March 15, 2006


An example of Regular Expression Greediness


phoe6 said...

Did not understand.
If you can explain it to me it would helpful. I dont know about awk, but believe the regexes would be same or similar.

Kannappan said...

The linked gg article tries to explain the subtle difference in how we perceive the greediness in regex.

Consider the below
I/p string : aabaaaa
Function : sub(/a*/, "")

The function sub stands for substitution. It searches for the function's first argument in the input string and substitutes it with the second argument. Here, the first argument is a* and the second argument is an empty string. Considering that regex is greedy, we may imagine that the longest a string will be replaced by empty string. In this case the longest a string is after the character b. So we may think that on executing the function on the input string the output will be aab.
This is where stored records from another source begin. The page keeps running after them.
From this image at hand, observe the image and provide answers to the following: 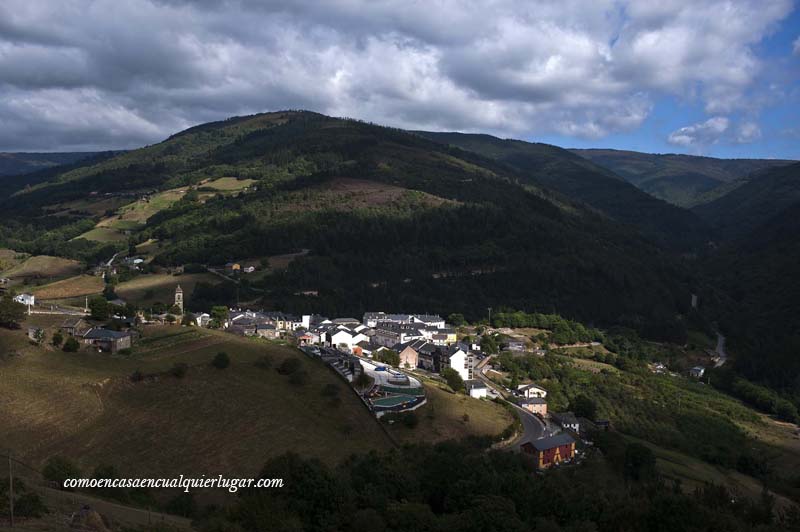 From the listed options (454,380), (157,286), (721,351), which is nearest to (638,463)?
(454,380)

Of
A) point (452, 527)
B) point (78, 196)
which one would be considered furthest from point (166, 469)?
point (78, 196)

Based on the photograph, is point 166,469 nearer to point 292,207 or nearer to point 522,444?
point 522,444

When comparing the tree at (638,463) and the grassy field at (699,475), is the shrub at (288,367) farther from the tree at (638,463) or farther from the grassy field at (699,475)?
the grassy field at (699,475)

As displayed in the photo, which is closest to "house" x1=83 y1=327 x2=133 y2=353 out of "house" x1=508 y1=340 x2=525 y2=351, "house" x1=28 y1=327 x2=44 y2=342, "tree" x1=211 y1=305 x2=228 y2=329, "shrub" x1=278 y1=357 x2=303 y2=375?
"house" x1=28 y1=327 x2=44 y2=342

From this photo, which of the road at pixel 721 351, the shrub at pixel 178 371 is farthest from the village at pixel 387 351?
the road at pixel 721 351

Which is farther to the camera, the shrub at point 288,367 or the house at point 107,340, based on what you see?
the shrub at point 288,367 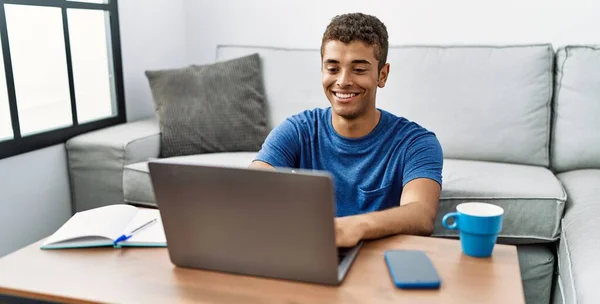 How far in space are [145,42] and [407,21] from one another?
4.43 feet

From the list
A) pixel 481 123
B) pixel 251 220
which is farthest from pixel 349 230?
pixel 481 123

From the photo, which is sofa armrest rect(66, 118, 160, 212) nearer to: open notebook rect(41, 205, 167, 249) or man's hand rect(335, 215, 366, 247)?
open notebook rect(41, 205, 167, 249)

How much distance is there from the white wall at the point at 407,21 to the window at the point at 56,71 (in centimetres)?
57

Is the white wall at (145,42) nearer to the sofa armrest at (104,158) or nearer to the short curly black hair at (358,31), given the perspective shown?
the sofa armrest at (104,158)

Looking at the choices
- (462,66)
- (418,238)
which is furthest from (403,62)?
(418,238)

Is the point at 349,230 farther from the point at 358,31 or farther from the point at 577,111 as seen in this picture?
the point at 577,111

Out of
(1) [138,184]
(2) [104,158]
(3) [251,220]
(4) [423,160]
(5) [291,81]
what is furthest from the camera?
(5) [291,81]

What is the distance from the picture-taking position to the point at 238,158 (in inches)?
91.0

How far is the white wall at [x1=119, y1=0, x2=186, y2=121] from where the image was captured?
2.74 m

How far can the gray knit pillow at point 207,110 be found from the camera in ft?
7.95

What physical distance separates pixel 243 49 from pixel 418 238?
6.06ft

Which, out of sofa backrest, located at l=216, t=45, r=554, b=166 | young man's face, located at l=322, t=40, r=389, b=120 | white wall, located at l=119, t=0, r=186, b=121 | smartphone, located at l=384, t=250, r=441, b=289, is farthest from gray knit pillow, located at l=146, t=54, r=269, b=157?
smartphone, located at l=384, t=250, r=441, b=289

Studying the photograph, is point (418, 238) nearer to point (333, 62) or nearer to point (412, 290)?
point (412, 290)

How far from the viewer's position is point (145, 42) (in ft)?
9.41
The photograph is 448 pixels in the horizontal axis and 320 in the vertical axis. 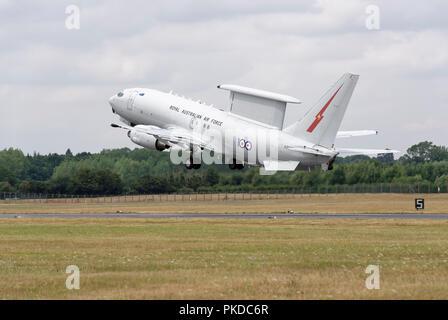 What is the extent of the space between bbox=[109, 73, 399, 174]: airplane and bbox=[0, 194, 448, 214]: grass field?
73.9 feet

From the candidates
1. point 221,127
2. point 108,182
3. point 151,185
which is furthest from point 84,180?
point 221,127

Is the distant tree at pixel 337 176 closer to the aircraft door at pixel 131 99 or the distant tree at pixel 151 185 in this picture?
the distant tree at pixel 151 185

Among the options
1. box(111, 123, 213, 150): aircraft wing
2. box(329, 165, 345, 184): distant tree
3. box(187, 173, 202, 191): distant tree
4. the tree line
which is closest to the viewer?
box(111, 123, 213, 150): aircraft wing

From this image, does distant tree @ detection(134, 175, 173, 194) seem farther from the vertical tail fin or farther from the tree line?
the vertical tail fin

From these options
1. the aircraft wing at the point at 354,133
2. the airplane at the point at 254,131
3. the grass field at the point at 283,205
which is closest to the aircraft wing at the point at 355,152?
the airplane at the point at 254,131

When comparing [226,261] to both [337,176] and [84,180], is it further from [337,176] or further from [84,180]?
[84,180]

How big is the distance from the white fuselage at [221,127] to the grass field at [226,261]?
10622mm

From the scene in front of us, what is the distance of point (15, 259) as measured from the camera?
45375 mm

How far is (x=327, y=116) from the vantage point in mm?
82125

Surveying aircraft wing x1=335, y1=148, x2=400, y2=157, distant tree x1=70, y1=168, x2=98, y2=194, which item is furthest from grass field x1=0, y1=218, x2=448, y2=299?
distant tree x1=70, y1=168, x2=98, y2=194

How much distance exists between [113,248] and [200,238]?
984 cm

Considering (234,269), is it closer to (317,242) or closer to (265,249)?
(265,249)

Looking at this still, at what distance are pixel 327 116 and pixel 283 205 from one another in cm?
4260

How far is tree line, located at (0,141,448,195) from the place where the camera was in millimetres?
133875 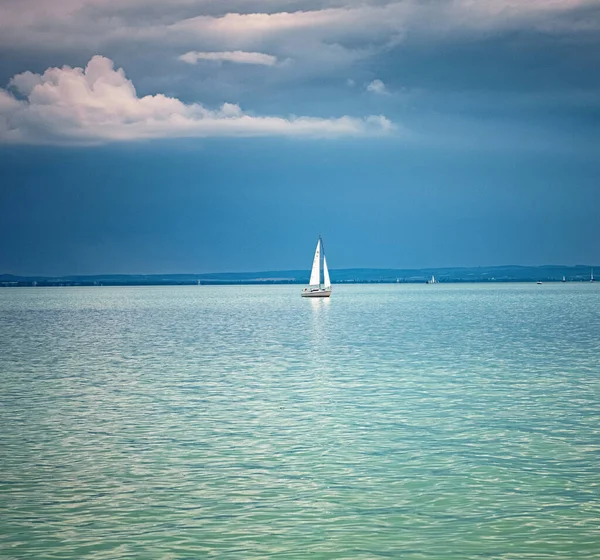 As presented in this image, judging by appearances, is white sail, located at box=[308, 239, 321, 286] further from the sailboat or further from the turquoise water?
the turquoise water

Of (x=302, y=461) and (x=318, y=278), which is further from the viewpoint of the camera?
(x=318, y=278)

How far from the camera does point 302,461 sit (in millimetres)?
22844

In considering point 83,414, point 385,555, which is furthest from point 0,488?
point 83,414

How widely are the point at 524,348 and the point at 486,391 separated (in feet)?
78.1

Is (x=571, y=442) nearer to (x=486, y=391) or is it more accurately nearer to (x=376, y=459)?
(x=376, y=459)

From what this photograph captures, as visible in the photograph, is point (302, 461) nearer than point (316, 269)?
Yes

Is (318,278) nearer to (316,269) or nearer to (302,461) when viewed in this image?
(316,269)

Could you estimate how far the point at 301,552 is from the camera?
51.5ft

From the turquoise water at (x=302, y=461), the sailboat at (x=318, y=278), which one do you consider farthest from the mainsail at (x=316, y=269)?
the turquoise water at (x=302, y=461)

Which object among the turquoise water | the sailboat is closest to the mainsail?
the sailboat

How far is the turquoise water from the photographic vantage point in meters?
16.4

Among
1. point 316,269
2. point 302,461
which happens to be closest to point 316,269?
point 316,269

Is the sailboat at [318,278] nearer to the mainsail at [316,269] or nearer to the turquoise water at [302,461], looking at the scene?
the mainsail at [316,269]

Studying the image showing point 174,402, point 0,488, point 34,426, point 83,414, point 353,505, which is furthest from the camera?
point 174,402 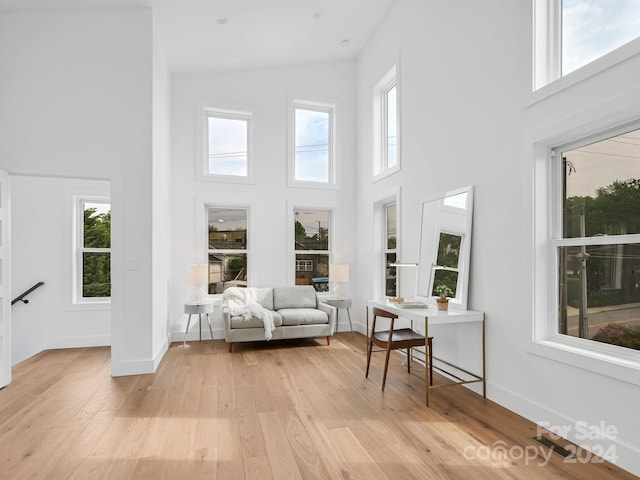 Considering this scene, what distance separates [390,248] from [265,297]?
6.39ft

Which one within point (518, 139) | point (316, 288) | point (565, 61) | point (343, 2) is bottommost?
point (316, 288)

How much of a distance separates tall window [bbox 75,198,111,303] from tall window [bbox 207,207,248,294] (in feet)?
4.66

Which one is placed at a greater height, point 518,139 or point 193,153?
point 193,153

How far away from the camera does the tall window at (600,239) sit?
93.0 inches

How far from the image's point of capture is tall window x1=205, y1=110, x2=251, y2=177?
608 centimetres

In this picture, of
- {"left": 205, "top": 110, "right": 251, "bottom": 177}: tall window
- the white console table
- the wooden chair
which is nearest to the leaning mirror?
the white console table

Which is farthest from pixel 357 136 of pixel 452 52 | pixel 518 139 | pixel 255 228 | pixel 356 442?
pixel 356 442

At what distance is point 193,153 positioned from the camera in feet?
19.1

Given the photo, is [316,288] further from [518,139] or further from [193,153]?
[518,139]

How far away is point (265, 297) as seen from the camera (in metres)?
5.71

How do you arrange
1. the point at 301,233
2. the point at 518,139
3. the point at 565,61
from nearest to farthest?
the point at 565,61 → the point at 518,139 → the point at 301,233

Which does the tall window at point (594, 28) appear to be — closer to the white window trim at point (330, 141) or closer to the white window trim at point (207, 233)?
the white window trim at point (330, 141)

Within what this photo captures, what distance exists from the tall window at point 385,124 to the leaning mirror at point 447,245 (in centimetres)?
150

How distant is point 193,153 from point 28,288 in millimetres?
2832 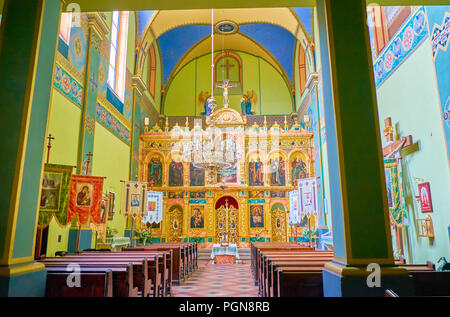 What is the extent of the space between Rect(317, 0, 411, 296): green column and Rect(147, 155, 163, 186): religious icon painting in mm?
11794

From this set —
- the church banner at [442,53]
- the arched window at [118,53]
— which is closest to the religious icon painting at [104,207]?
the arched window at [118,53]

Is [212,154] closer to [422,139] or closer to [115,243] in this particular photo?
[115,243]

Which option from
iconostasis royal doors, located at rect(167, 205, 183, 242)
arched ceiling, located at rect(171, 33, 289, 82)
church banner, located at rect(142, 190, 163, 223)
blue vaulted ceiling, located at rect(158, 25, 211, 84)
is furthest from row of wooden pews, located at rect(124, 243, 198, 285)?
arched ceiling, located at rect(171, 33, 289, 82)

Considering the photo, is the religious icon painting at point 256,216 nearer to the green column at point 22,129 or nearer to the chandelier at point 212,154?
the chandelier at point 212,154

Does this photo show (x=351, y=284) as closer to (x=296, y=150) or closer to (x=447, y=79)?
(x=447, y=79)

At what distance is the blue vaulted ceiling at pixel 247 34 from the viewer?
15.2 meters

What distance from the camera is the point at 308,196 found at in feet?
30.1

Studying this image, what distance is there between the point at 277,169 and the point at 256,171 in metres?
0.91

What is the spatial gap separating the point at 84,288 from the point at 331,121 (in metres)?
2.91

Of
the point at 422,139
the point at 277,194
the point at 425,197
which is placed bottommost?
the point at 425,197

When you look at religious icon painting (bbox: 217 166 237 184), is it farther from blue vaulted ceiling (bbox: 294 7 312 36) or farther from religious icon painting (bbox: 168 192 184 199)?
blue vaulted ceiling (bbox: 294 7 312 36)

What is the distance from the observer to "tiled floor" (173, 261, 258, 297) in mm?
6004

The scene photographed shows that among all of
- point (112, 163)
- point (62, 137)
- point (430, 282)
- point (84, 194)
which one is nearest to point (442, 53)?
point (430, 282) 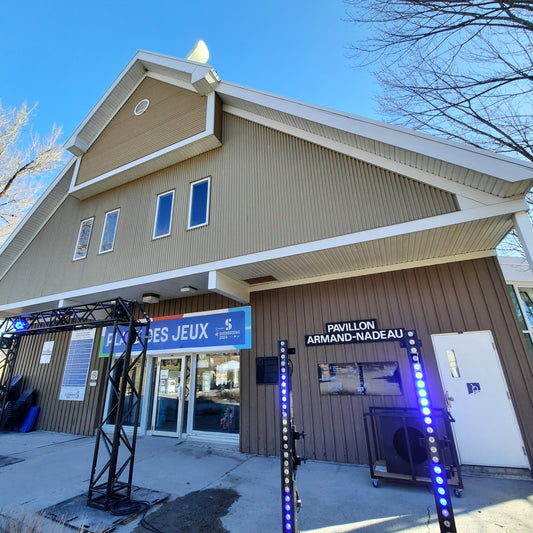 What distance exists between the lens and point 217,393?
747 cm

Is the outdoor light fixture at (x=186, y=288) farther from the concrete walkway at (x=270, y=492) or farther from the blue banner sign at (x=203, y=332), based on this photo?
the concrete walkway at (x=270, y=492)

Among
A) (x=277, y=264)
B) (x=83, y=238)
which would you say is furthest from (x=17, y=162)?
(x=277, y=264)

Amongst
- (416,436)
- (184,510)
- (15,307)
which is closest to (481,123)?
(416,436)

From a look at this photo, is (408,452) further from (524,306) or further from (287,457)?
(524,306)

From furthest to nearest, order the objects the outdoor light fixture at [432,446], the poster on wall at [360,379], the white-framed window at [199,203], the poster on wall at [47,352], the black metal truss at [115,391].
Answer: the poster on wall at [47,352] → the white-framed window at [199,203] → the poster on wall at [360,379] → the black metal truss at [115,391] → the outdoor light fixture at [432,446]

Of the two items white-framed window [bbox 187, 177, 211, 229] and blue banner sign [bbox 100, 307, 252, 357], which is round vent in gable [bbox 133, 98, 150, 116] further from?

But what the function actually does is, It just matches the first appearance of a followed by zero or more a's in the string and replaces it with an empty string. So the resulting output will be baaaa.

Then you may ask where is the greediness?.

The next example illustrates the greediness.

I/p string : the <>only<> way
Function : sub(/<.*>/, "")

Correct Output : the way
Wrong Output : the only<> way

Reason : The function contains the first argument as the character < followed by . metacharacter followed by the character >.

First the < character is matched in the string, then the . metacharacter keeps matching any character that comes its way, it encounters> at the first step and instead of stopping there, it keeps on greedily matching any character that comes its way, as it understands that there is one more > at the end. As soon as it encounters the last >, it stops matching and replaces all its matches with the empty string.

Kannappan said...

Additional Example
I/p String : We rrrode the starrr and followed itss trrails

Function One : sub(/r*r/, "")
O/p : We ode the starrr and followed itss trrails

Function Two : sub(/r.*r/, "")
O/p : We ails